Here's a roundup of recent land use news items  –

San Diego Environmental Lawyer Backs Infill

The progressive Democratic community in San Diego has split openly over the question of allowing more density near light-rail stops, especially in mostly white middle-class neighborhoods.

In particular, environmental attorney Marco Gonzalez – who stood alongside former City Councilmember Donna Frye in calling for Mayor Bob Filner's resignation last year – has now broken with Frye on the density question. At a forum sponsored by the San Diego Housing Federation recently, Gonzalez – brother of Assemblywoman Lorena Gonzalez – said: "From within the environmental community I thought it was important for us to say, ‘If we're going to fight sprawl, we have to incentivize infill' (dense projects within already-developed areas). So we had to ask ourselves some tough questions, and what I'm doing now at this point in my career is asking those people who used to be my clients, those activists, those community-character-spouting residents, to really address these presumptions."

Gonzalez's longtime ally Frye has been a leader in opposing more density in the Clairemont district along the planned Mid-Coast light-rail line. She has been joined by interim Councilmember Ed Harris, a former head of the city lifeguard union, and failed City Council candidate Sarah Boot, both of whom – like Frye – share Gonzalez's natural constituency of coastal environmentalists.

City of Marina Opposes Slant Drilling By Water Company


The city of Marina continues to oppose an effort by the Cal-American water utility to drill a slanted test well to check if an aquifer under the ocean floor is suitable as a water source for a desalination plant. A news feature in Environment & Energy Publishing quoted local officials and activists as opposing the plan on grounds that the well, once dug, might end up being used for a desalination operation, or might itself worsen saltwater intrusion.

The EEnews article linked to comments by the Remy Moose Manley firm on behalf of the Marina Coast Water District, opposing the Cal-Am appeal, alleging in part that the project's Draft Initial Study and Mitigated Negative Declaration failed to consider likely future uses of the well. The Monterey Bay National Marine Sanctuary's draft Environmental Assessment Report on the project from last June is here. The California Coastal Commission will take up the well proposal at its November 12 meeting. (See Items 14a and 15a at http://coastal.ca.gov/mtgcurr.html.) For more on the history and context of Monterey's water supply plans, see Larry Sokoloff's report at http://www.cp-dr.com/articles/node-3598.

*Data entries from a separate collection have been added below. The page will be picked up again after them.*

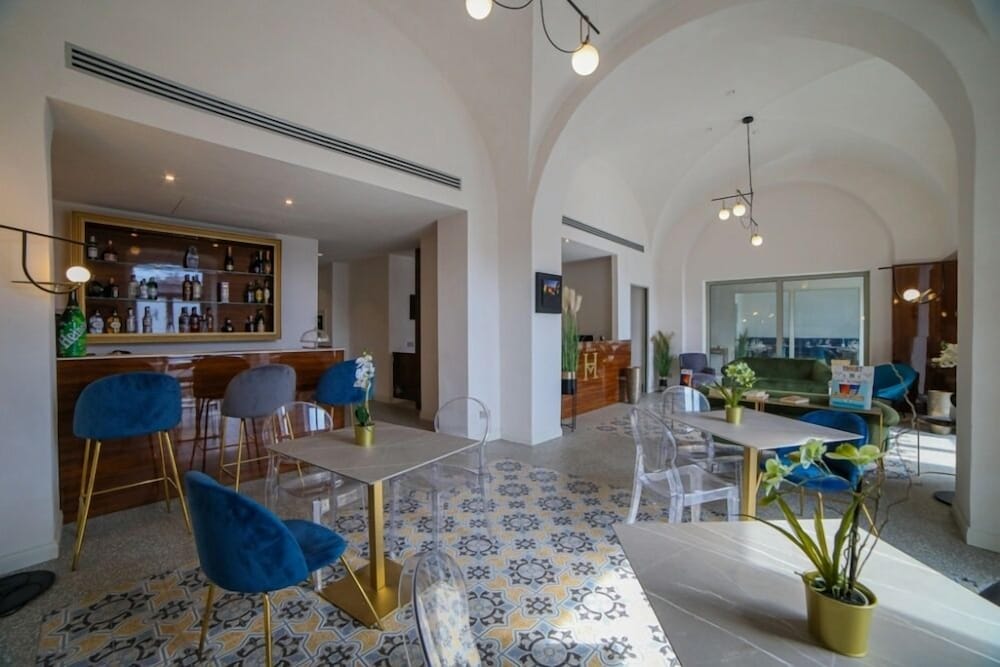 20 Miglia Albergo Diffuso — Catania — photo 5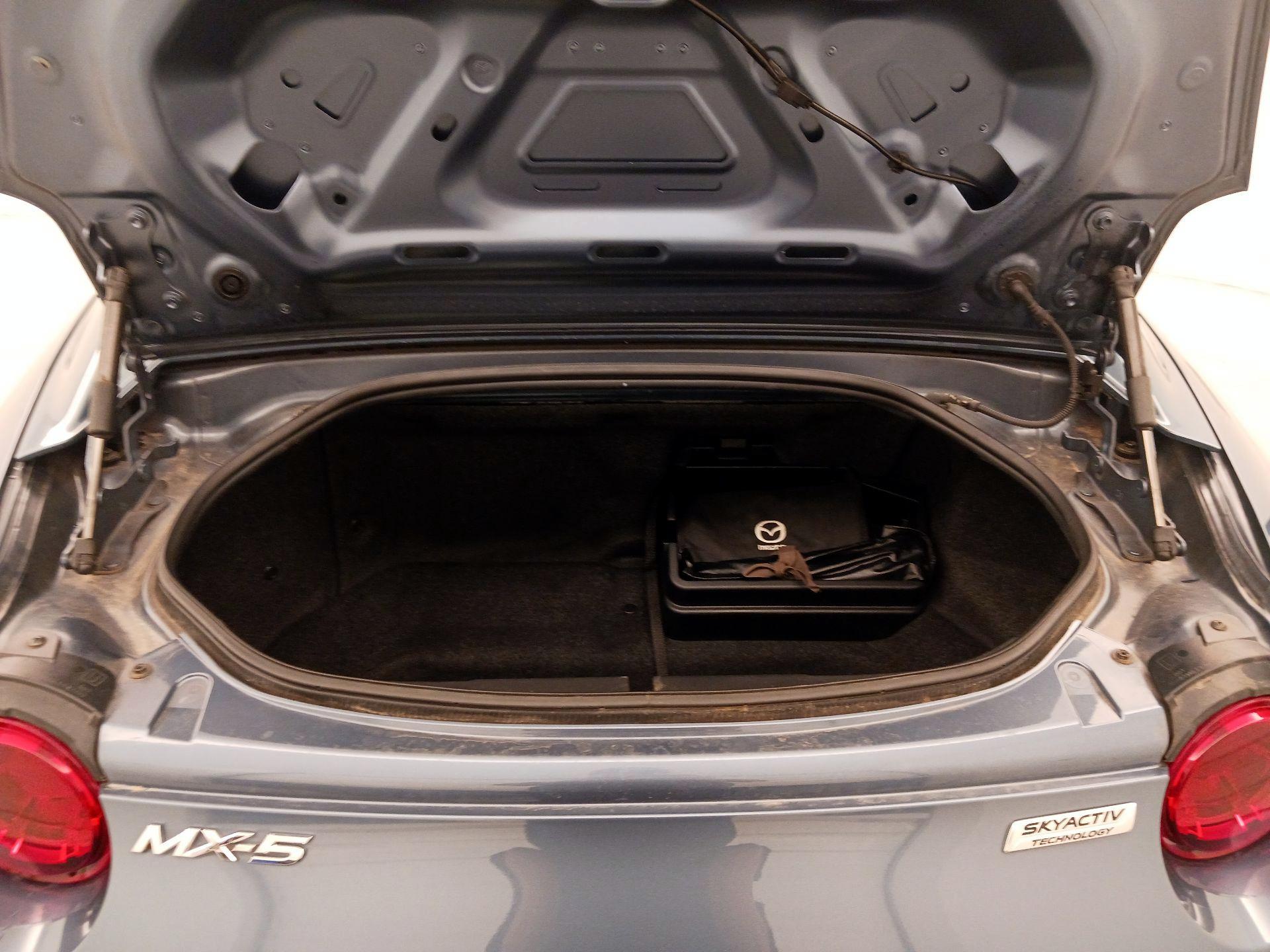 Thumbnail: 2017 Mazda MX-5 Miata - 19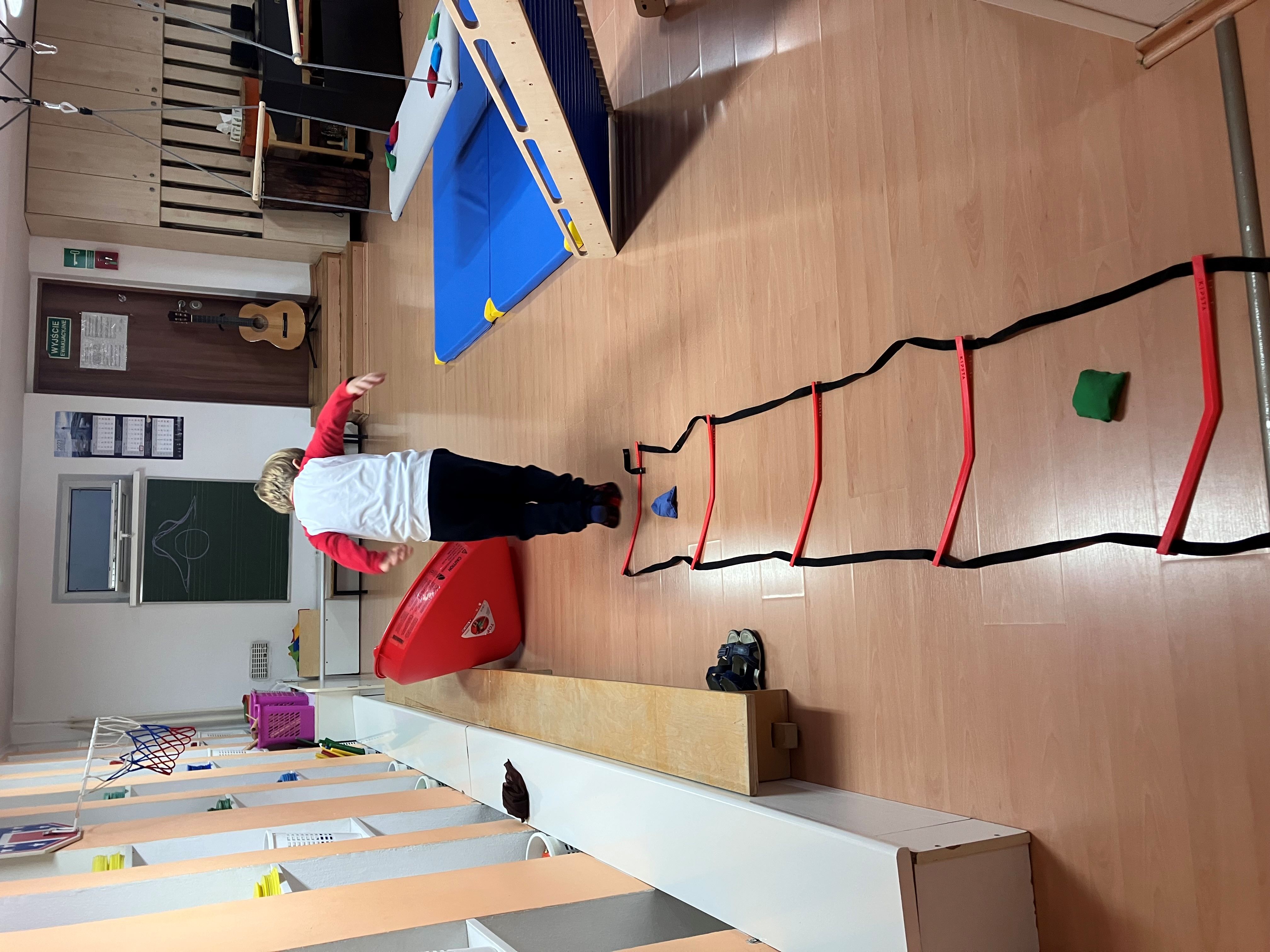 Galeria - Przedszkole 390 w Warszawie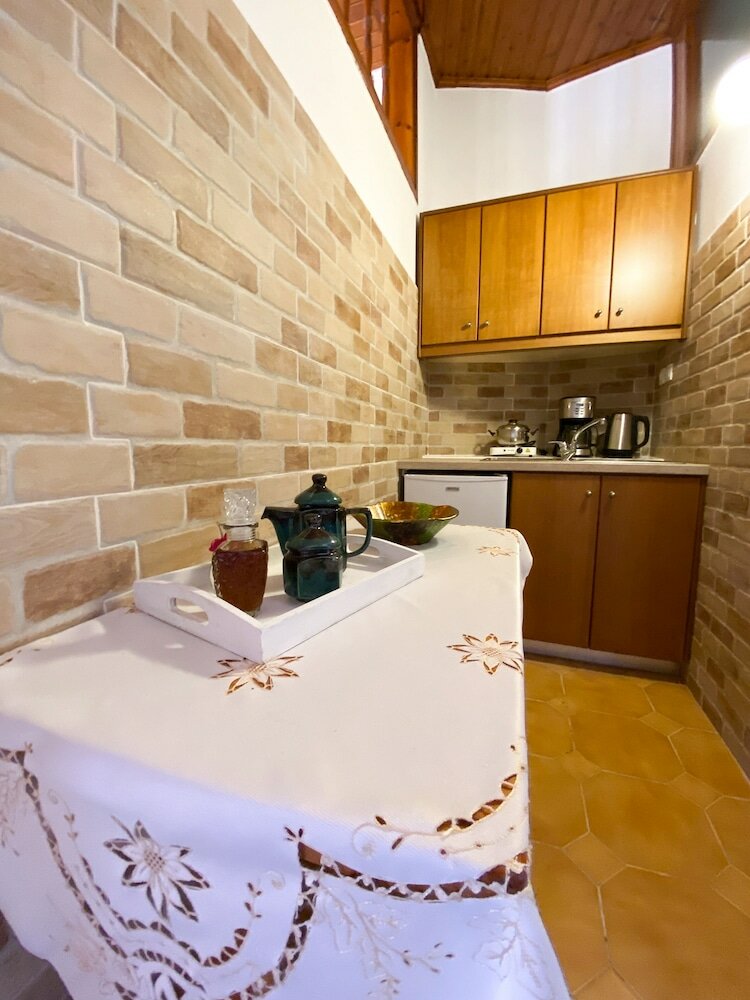 Фото Casa Dasyra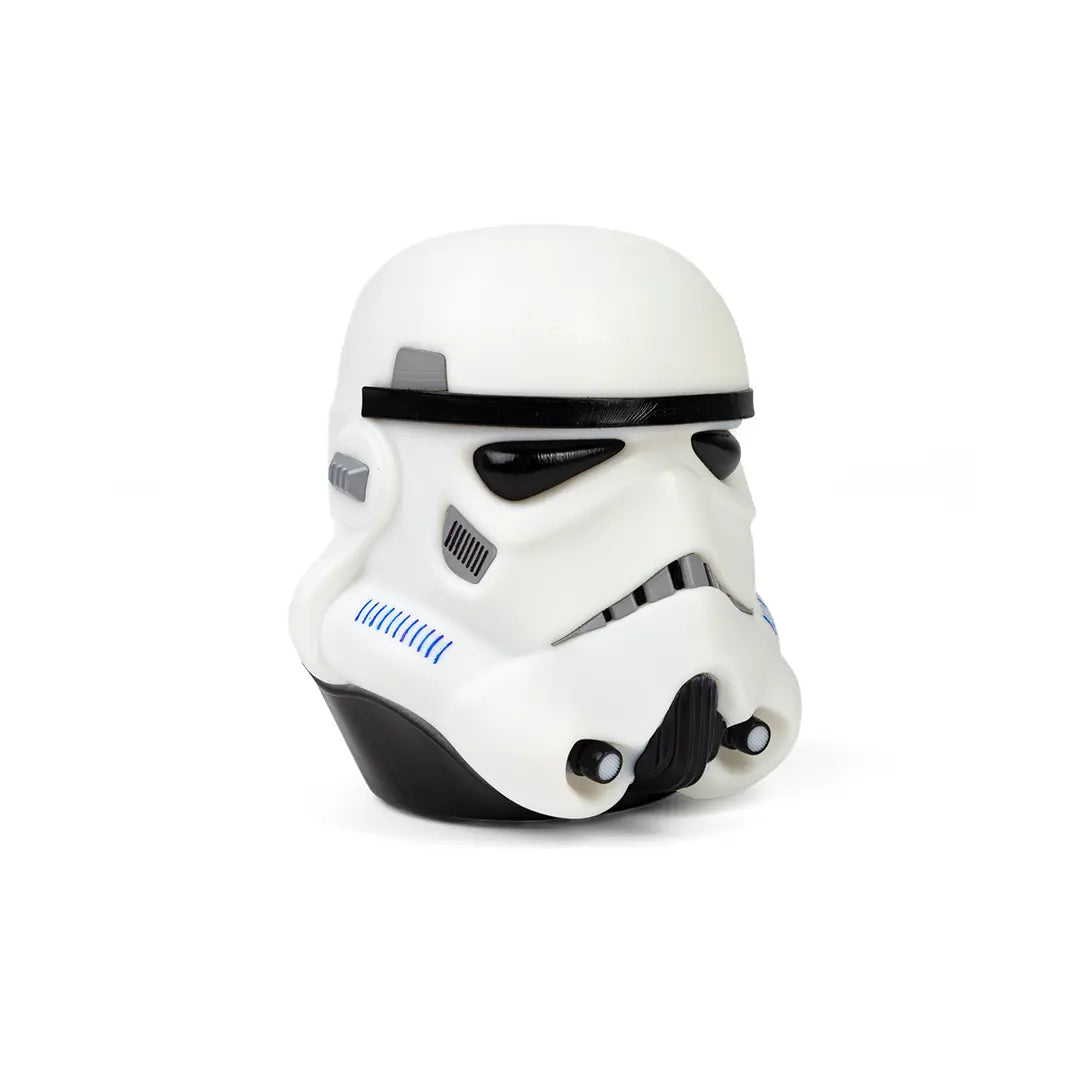 Stormtrooper helmet Lamp - Original Stormtrooper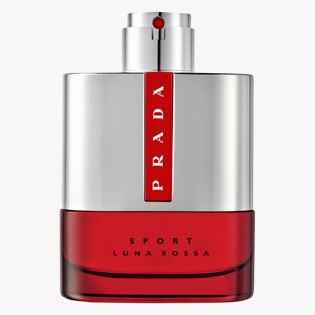Prada Luna Rossa Sport Eau de Toilette 100 ml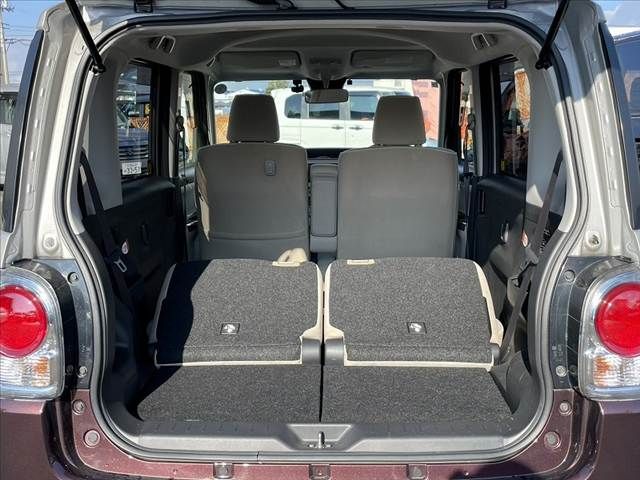 DAIHATSU MOVE CANBUS 2017 Image 31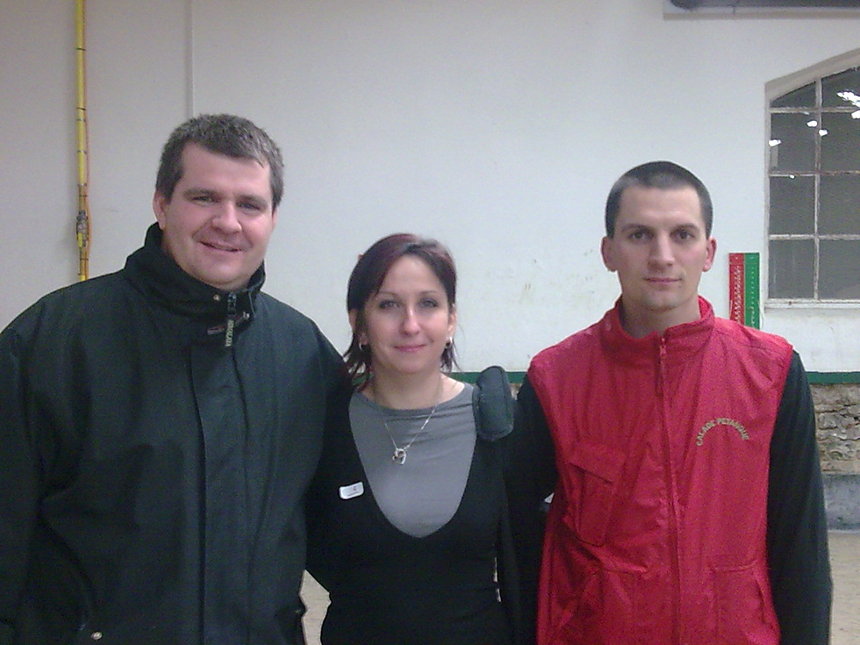 Un samedi 100% caladois Un samedi 100% caladois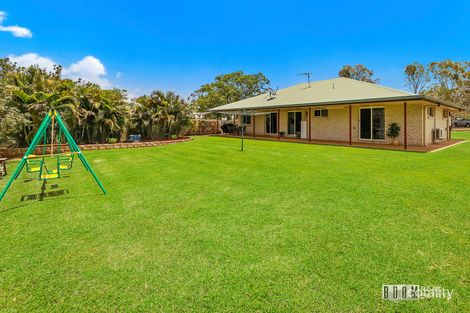 Property photo of 8 Sullivan Road Gracemere QLD 4702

$5 Billion For A South Pasadena Tunnel?

Caltrans and Los Angeles Metro were reportedly contemplating a monster pair of tunnels to extend the 710 freeway for nearly five miles under South Pasadena – at a cost of $5 billion. The LA Times a bit unfairly noted it would be longer than Boston's "Big Dig". Longer, maybe. But more trouble? The Big Dig was a nightmare of a highway undergrounding job in a densely built 350-year-old city with four seasons and a high oceanfront water table. In the middle of it, Rep. Barney Frank once suggested that, rather than depress the Central Artery, it would be cheaper to raise Boston. So, five miles under the San Gabriel Valley? Technically speaking, could it be any worse? Politically, though, it could be. Neighborhood groups have been fighting the 710 extension since 1965.

In Brief …

A big cluster of Strategic Growth Council grant applications fall due in the next several days, mostly on November 13. The League of California Cities has posted the list more or less as distributed by SGC.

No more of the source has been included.